Maintaining vitamin D blood levels can be an important part of your health. Along with monitoring your blood levels through tests and keeping them within certain ranges, you should also look into ways to ensure that you are getting enough vitamin D. Activities that can keep your vitamin D blood levels up include spending adequate time in sunlight, taking supplements and eating foods that are rich in vitamin D.
Experts recommend that your vitamin D blood levels remain at 50–80 nanograms per milliliter (ng/ml), or 125–200 nanomoles per liter (nmol/L). Your vitamin D levels are at risk for fluctuating during the year for many reasons. Some of these include a lack of exposure to sunlight because of a change in seasons or sun exposure habits, a decrease in ingesting vitamin D foods or inadequate supplementation. Keeping your vitamin D blood levels in the appropriate range can require vigilance in all of these areas.
Taking regular vitamin D tests is a good way to ensure that your vitamin D blood levels are adequate all year. The appropriate test to take is the 25-hydroxy vitamin D test, or 25(OH)D test. They are relatively cheap, so these tests can be regularly performed without much financial strain. Some organizations can even offer the blood tests for free as part of their research efforts. It might also be wise to monitor calcium along with vitamin D.

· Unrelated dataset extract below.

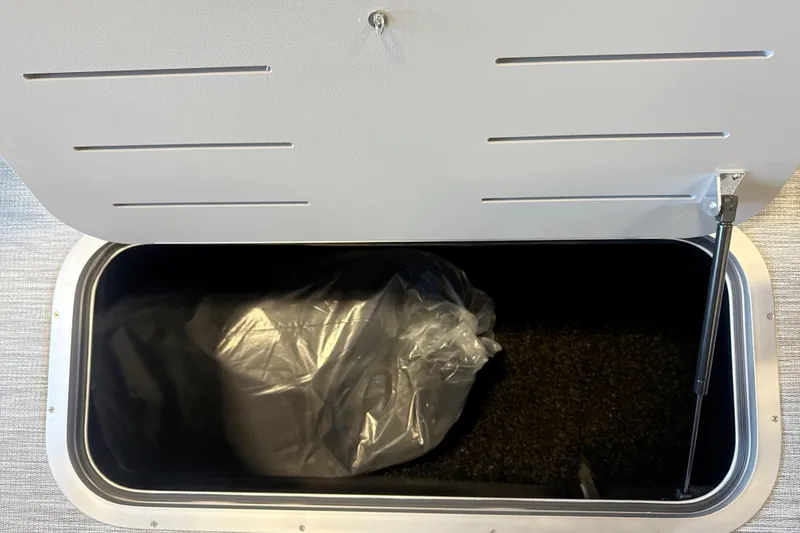 Slide: The Image of Open storage compartment in 2026 Bennington 22 S1 Stern Radius boat. - 9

One of the main reasons why you might see a drop in your vitamin D blood levels is a change in seasons. Regardless of regular supplementation habits, your vitamin D blood levels can decrease during months when you are not likely to get as much sunlight as you normally would. Many people who use vitamin D supplements raise their intake of them during months when they know that their exposure to sunlight will be limited. Some research suggests that adequate vitamin D blood levels can even combat the symptoms of seasonal affective disorder (SAD).
Increasing your exposure to sunlight, taking supplements and eating certain foods can maintain your vitamin D levels. The amount of time necessary to spend underneath the sun can vary between individuals but, generally, you can help keep your vitamin D levels up by letting the sunlight hit your skin for 10-15 minutes during midday. If you have dark skin, you might need to spend a little more time in the sunlight than those who have light skin. You shouldn't allow your skin to become sunburned.

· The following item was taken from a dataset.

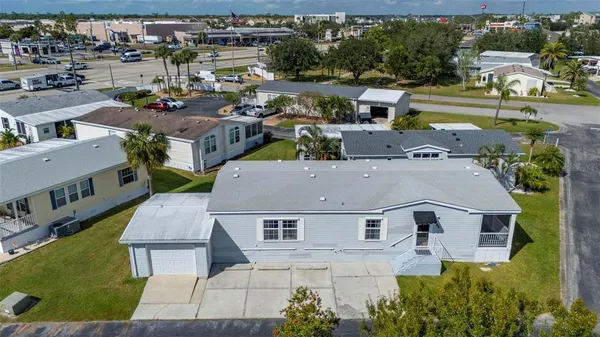 a view of a house with a yard and garage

If you cannot be outside during times when the sunlight will be beneficial, artificial lights exist that emit the appropriate wavelengths to encourage vitamin D production in your skin. Any vitamin D supplements taken should be in the D3 form, or cholecalciferol form. Increasing your dietary intake of foods such as shiitake mushrooms and mackerel, tuna, sardines and herring can be beneficial as well. When attempting to maintain your vitamin D levels, make sure consult with a medical professional about the appropriate measures you should take.